That's a good point. The people I know who work remote started onsite and
proved themselves first. Then, when they wanted to relocate, they worked out
remote working arrangements instead of leaving the company. One of my former
coworkers left LA (and expensive rent for a tiny studio near the beach) to
move to Colorado (she bought a house with several acres) and she worked out a
remote arrangement with the company.

------
eshvk
> After all, as long as the results are there, the time and place of work
> should be of little consequence, right?

I am not sure I agree. My experience has been that remote work requires
greater discipline. Complex projects have twists and turns, many variables.
One has to learn to over communicate to ensure that one is not building the
wrong thing. This is harder to do over hangouts mainly because it is tougher
to gauge interpersonal dynamics of a room.

Coding is the easiest part of large scale projects. Harder problems are
stakeholder management, ensuring we are building the right thing and ensuring
that information flows freely. I am on a project that spans Boston, NY and
Stockholm. We all know what we want to build. Yet, every two weeks or so, I
find myself traveling. Mainly to ensure that we react fast as we learn more
about unknowns. Are we all on the same page? This is sustainable for a company
that can afford to depute a few people to do this. For a tiny startup that has
to be agile enough to pivot immediately, it is harder to do so when all your
handful of engineers are remote.

Personally, I would hire someone remote if it was a very well defined chunk of
work. At that point, I may as well hire a contractor. IMO, the value of an
engineer is not just to write code, it is to solve business problems.

------
danieltillett
I have often wondered why more developers don’t pair up and form one virtual
full time remote employee. I would actually be willing to hire two people paid
for 2 & 1/2 days each as long as they communicated with each other very
regularly and worked well together. This would avoid the biggest problem of
part time work which is not having someone around when issues come up.

------
mavdi
I work remote and I can tell you I end up working around 60 hours a week. Or
at least making myself available for that long. And this is exactly the reason
employers are choosing remote work over on site. They will have a developer
available at some time zone at any time of the day and also all of them
available at the core hours.

This goes against part time work. By allowing you to work from anywhere (Which
is absolutely awesome, writing this from a Fuerteventura beach) you
unofficially allow them to get a hold of you for longer hours. This has been
the case with my last three remote jobs.

------
andreasklinger
Remote work is becoming more and more common - also for SF companies.

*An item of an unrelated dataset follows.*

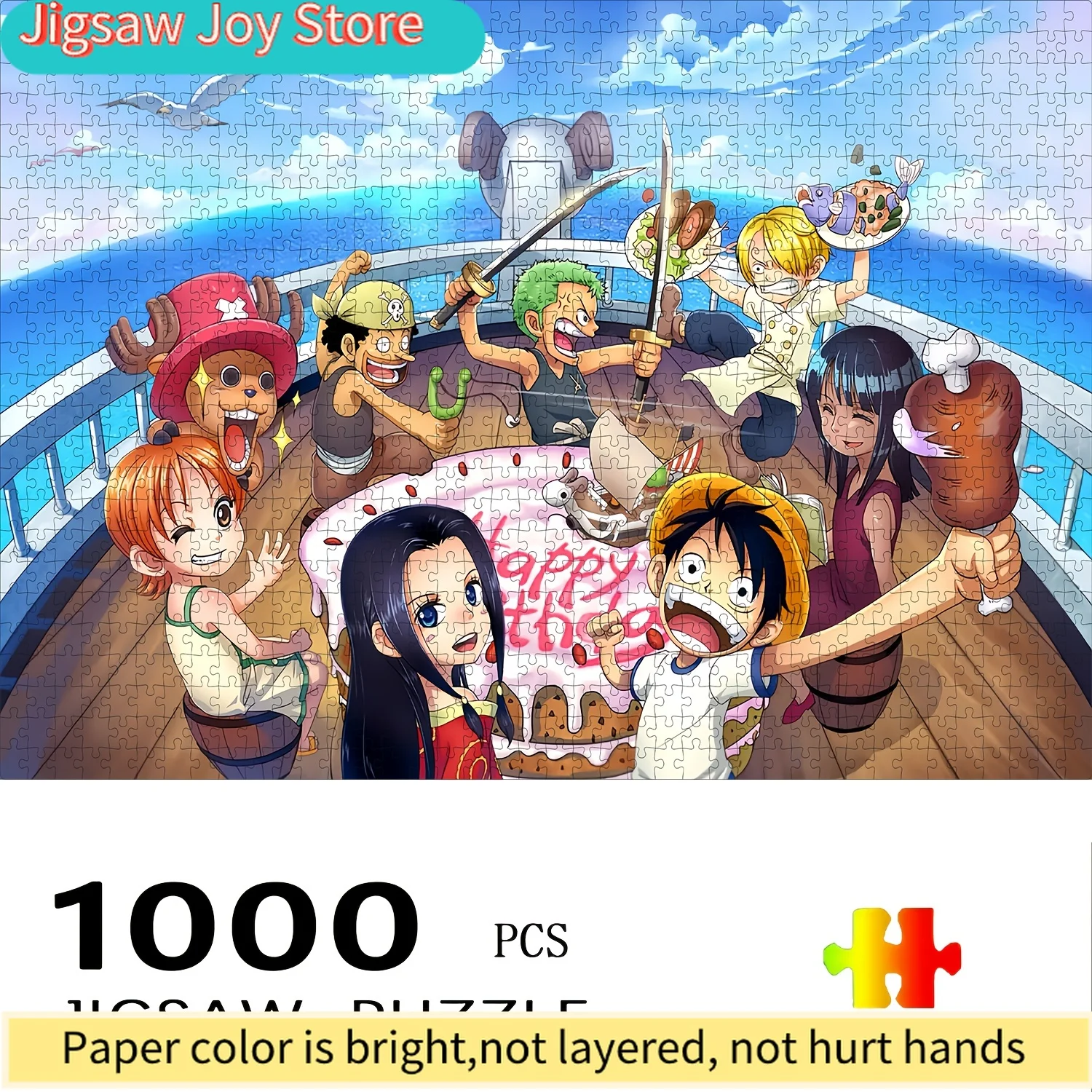 s Anime Pirate Ship Puzzle - Vibrant Cartoon-Style Design with Swords, Shells & Ocean Waves, Large Rectangular Cardboard Jigsa
s Anime Pirate Ship Puzzle - Vibrant Cartoon-Style Design with Swords, Shells & Ocean Waves, Large Rectangular Cardboard Jigsa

Eg half our team (www.producthunt.com) is remote. Engineering and non-
engineering.

We dont do part-time (for long term contracts) because we want to give
developers full ownership about bigger releases - and this is hard if someone
is only available half the week.

------
thelittleyes
I'm not associated with it in any way, but there is a site that lists remote
jobs (not necessarily part-time): [https://remoteok.io/](https://remoteok.io/)

------
eschutte2
You answered your own question - the positions exist but are not advertised.
As zer00eyz says you will need to have specific skills that are in demand.